2009年8月30日 星期日

傳媒為什麼讓人咬牙切齒?


美國傳媒對愛德華甘迺迪(Edward Kennedy)去世的鋪天蓋地報道是令人訝然的,政治光譜裏從自由派的《紐約時報》到保守派的《華爾街日報》都對小甘溘然長逝送上不分左右的最高致敬,這是五十年來美國主流政治社會所罕見的。梳理沉澱過後,近日美國傳媒對小甘的大幅正面報道,是半世紀以來美國主流傳媒對甘迺迪家族的捧起——摔下——再捧起的具體反映。

 半個世紀以來美國社會的大是大非,便是在操作性極強的報道和評論字海裏佚失。美國人民冷眼旁觀,必然會對這些傳媒的趨炎附勢多一分認識、也多一分咬牙切齒。

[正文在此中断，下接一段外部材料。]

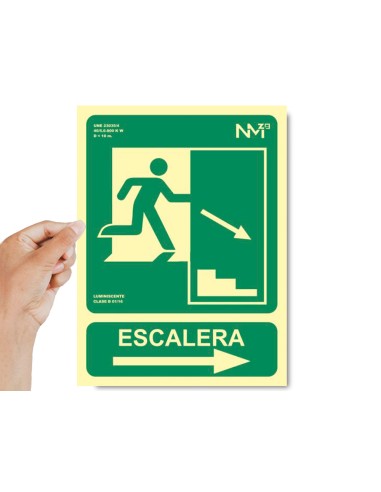 Pictograma archivo 2000 salida emergencia escalera baja derecha pvc verde luminiscente 224x300 mm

 令我感到小甘去世的報道意義深長的觸媒,是主流美國傳媒都喚小甘的小名Ted而不稱為Edward;一字之易,折射出的是內心深處的懊悔。美國男性很作興在好友之間互喚小名,比如說,小甘的兄長約翰甘迺迪本名John Kennedy,但民主黨內的老一輩,到約翰甘迺迪遇刺四十六年後的今天,依然叫他親切得多的Jack Kennedy。一九八八年美國總統大選,共和黨副總統候選人奎爾在電視辯論說自己讀書時以約翰甘迺迪為師,民主黨副總統候選人本特森馬上插嘴,Senator, I served with Jack Kennedy: I knew Jack Kennedy; Jack Kennedy was a friend of mine. Senator, you're no Jack Kennedy. 全國電視觀眾大樂,本特森不僅技術擊倒奎爾,還突顯了他和約翰甘迺迪的密切關係不容剽竊盜用。小甘另一個遇刺兄長羅拔甘迺迪,人們不叫他Robert Kennedy而稱Bobby Kennedy,這是一種極親的說法,因為Robert小名其中之一可以是Bob,但是人們就是要叫他Bobby。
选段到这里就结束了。